The fearsome aftermath of a tsunami striking California might cost at least $3.4 billion to repair, but neither of the state's nuclear power plants would be damaged, suggests a new analysis that could help officials and the public prepare for a tsunami and reduce risks before any such disasters happen.
Ever since the 2004 Indian Ocean earthquake and tsunami claimed about 250,000 lives, scientists have investigated the risks a tsunami crashing against the United States might have. The fact the 2011 Tohoku-Oki earthquake and tsunami in Japan killed another 20,000 or so people and triggered a nuclear disaster further underscored the importance of such research, especially since the deadly wave also swept through California, albeit at a lesser strength, and caused $50 million to $100 million of damage.
Giant earthquakes can occur off the Alaskan coast, where the tectonic plate underlying the Pacific Ocean is diving underneath the continental plate underneath North America — in fact, the second-largest recorded earthquake in history was a magnitude-9.2 at this zone in 1964. The result could be a tsunami reaching down to California.
Six independent teams of scientists modeled a tsunami created by a magnitude-9.1 earthquake offshore the Alaskan peninsula as if it happened at nearly noon Pacific Time on Thursday, March 27, 2014, the 50th anniversary of the 1964 Alaska quake and tsunami. The federal and state researchers wanted to see the likely dangers such a tsunami would pose for California. [ Waves of Destruction: History's Biggest Tsunamis ]
"We created a scenario of what a plausible bad tsunami would be for California," researcher Lucy Jones, U.S. Geological Survey Science Advisor for Risk Reduction, told LiveScience.

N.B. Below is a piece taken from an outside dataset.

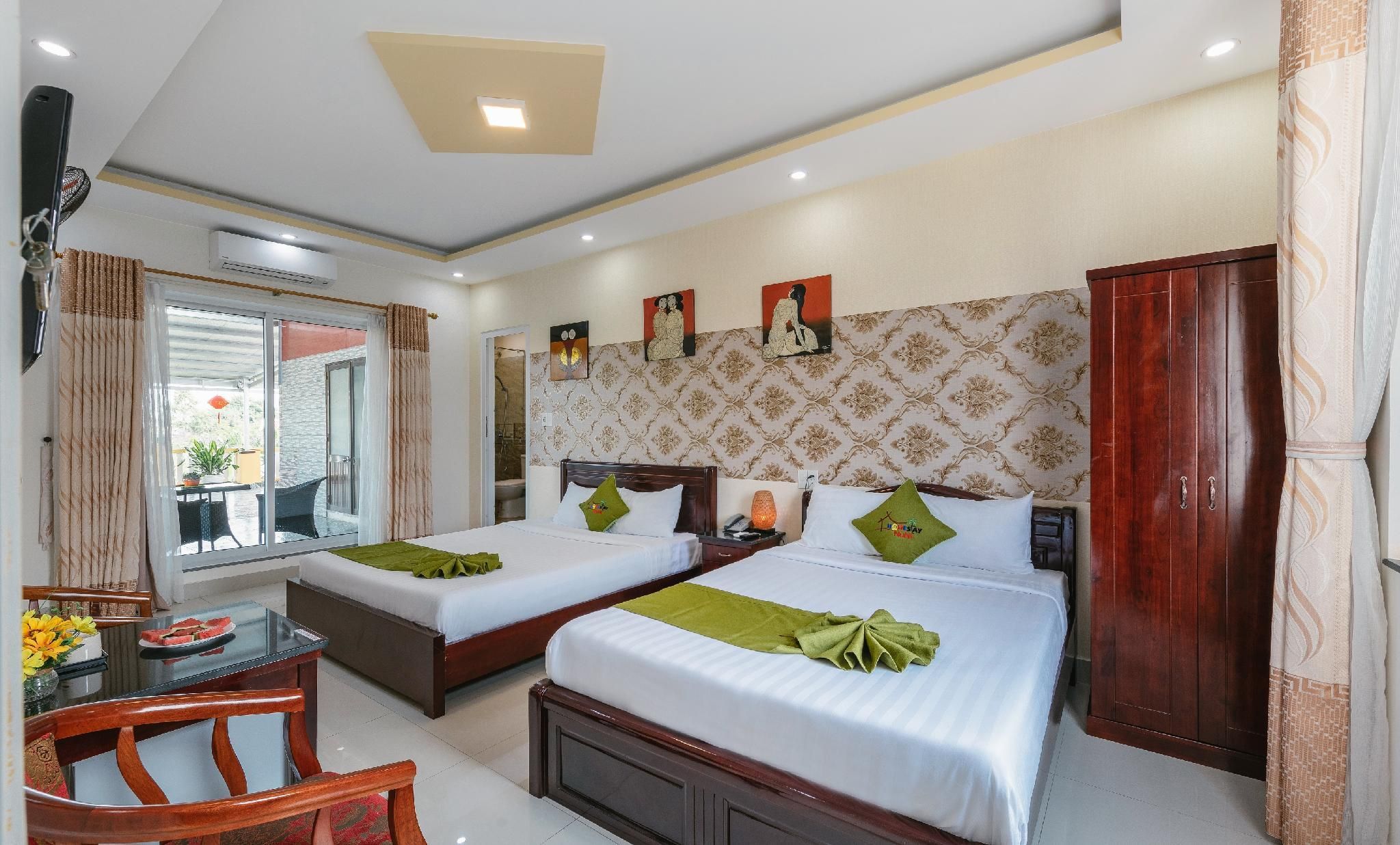 Triple - 1 Double + 1 Single Bed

According to the model, it would take nearly six hours for the tsunami to crash into San Diego. After accounting for the amount of time needed to confirm the magnitude of any earthquake in Alaska, see whether it generated a tsunami, and calculate when it might hit, Southern California might have 3.5 hours of warning that a tsunami was on the way, while Northern California might only get two hours of warning, Jones said.

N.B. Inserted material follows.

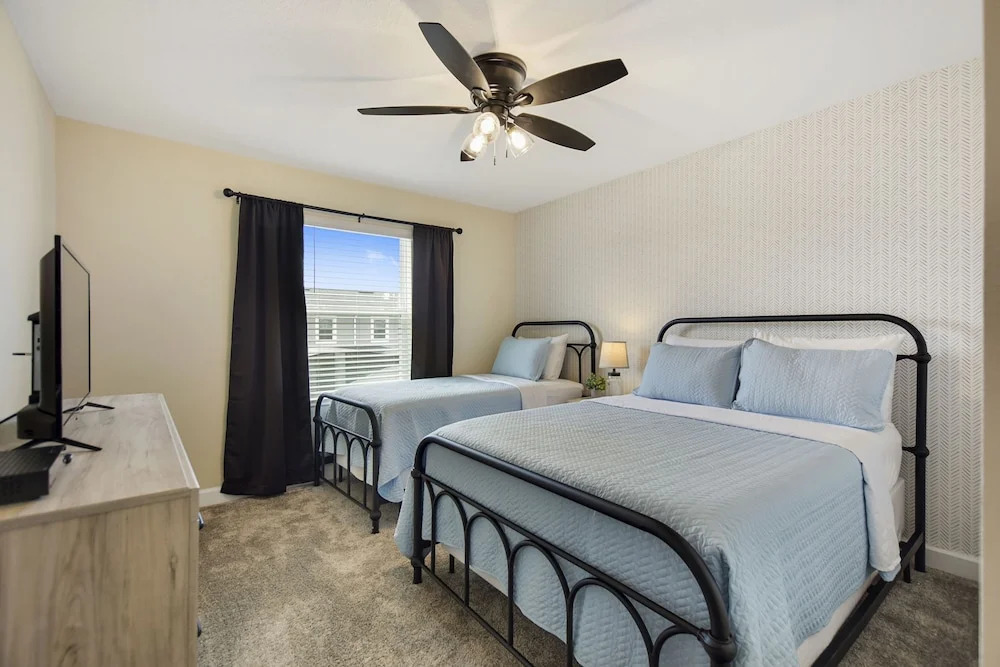 Barefoot Breeze - Storey Lake By Shine Villas #833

"The good news is that three-quarters of California's coastline is cliffs, and thus immune to the harsher and more devastating impacts tsunamis could pose," Jones said in a statement. "The bad news is that the one-quarter at risk is some of the most economically valuable property in California."

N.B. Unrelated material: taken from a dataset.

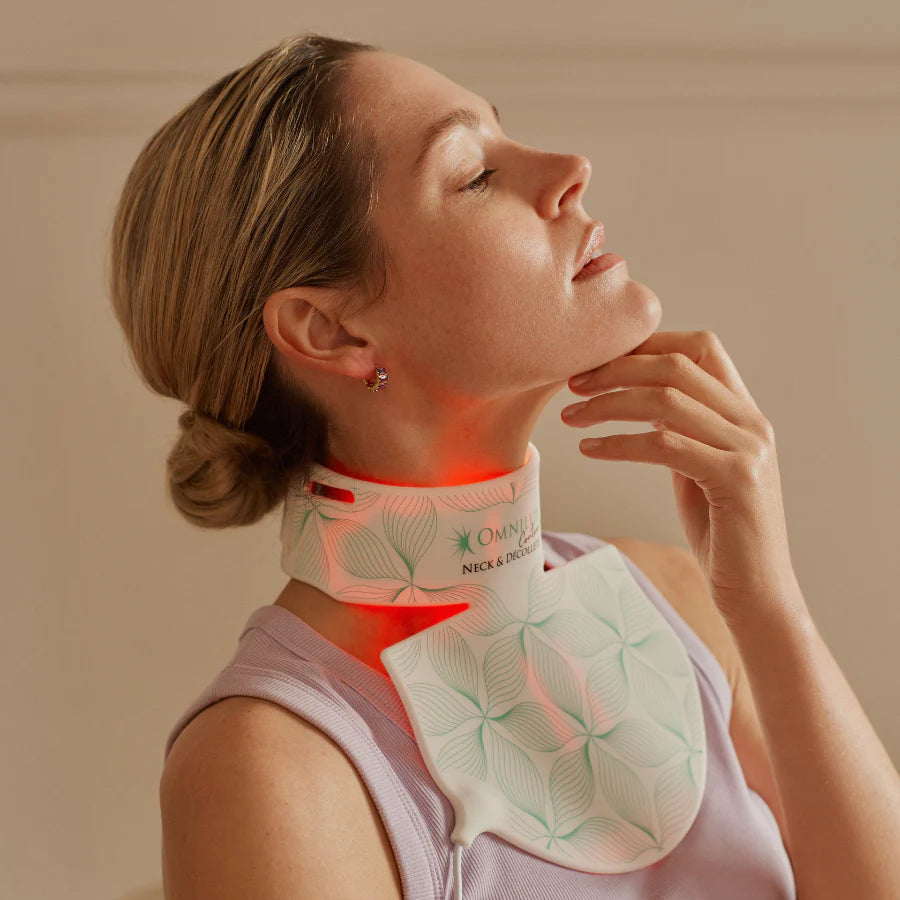 OMNILUX CONTOUR NECK & DECOLLETE | LED mask | LOSHEN & CREM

The bent shape of the California coast would lead the height of the tsunami approaching from the north to be significantly reduced in Southern California. As such, the tsunami hazard from this scenario is generally less in Southern California than elsewhere along the state's coast, although some areas of Southern California may be more vulnerable because they are low in elevation or have more people and maritime assets concentrated on the coast.
The greatest economic impact to California from tsunamis comes from damage to ports, harbors and other coastal properties. For instance, such a tsunami could damage or sink a third of all the boats in California marinas and damage or destroy two-thirds of the docks. Altogether, repairing California marinas, coastal properties, and the Ports of Los Angeles and Long Beach might cost about $3.4 billion, researchers estimated.
About 250,000 people live in the zones most inundated by the scenario and would likely have to be evacuated. An additional quarter of a million tourists and visitors might be on the coast if the scenario occurred in March. Tourist numbers could increase into the millions during the summer months.
Evacuation plans are key for those in potential tsunami inundation zones. "The best way to survive a tsunami is to not be there," Jones said. [ No, You Can't Outrun a Tsunami ]
Furthermore, this scenario could lead to damage to the environment by many means, such as debris from damaged ships, piers and buildings, or raw sewage from inundated wastewater treatment plants. Still, in this scenario, neither of California's nuclear power plants are in danger of inundation.
If authorities do nothing further to prepare for a tsunami, losses from the interruptions to business after the disaster might reach about $6 billion. However, the researchers stress these losses can be reduced by 80 to 90 percent by implementing resilience strategies for recovery. For instance, ports might cross-train labor so they can fill in needed jobs if necessary and maintain extra capacity to keep operating despite setbacks. And such measures could have benefits beyond these in the aftermath of a tsunami.
"A lot of what you would do to prepare for one disruption can help you prepare for others," researcher Anne Wein, a U.S. Geological Survey operations research analyst in Menlo Park, Calif., told LiveScience.
The scientists detailed their plan on Sept. 4 in the U.S. Geological Survey's Science Application for Risk Reduction (SAFRR) Tsunami Scenario. They are now meeting with tsunami hazard working groups in several coastal Californian counties to discuss their findings.
"We need to get the word out, and we want to take insights from social science research on how to do that," Jones said. "Rather than saying how awful it is going to be, we want to ask people whether they're going to be ready to take care of their families, to be the people helping others rather than be the people being helped."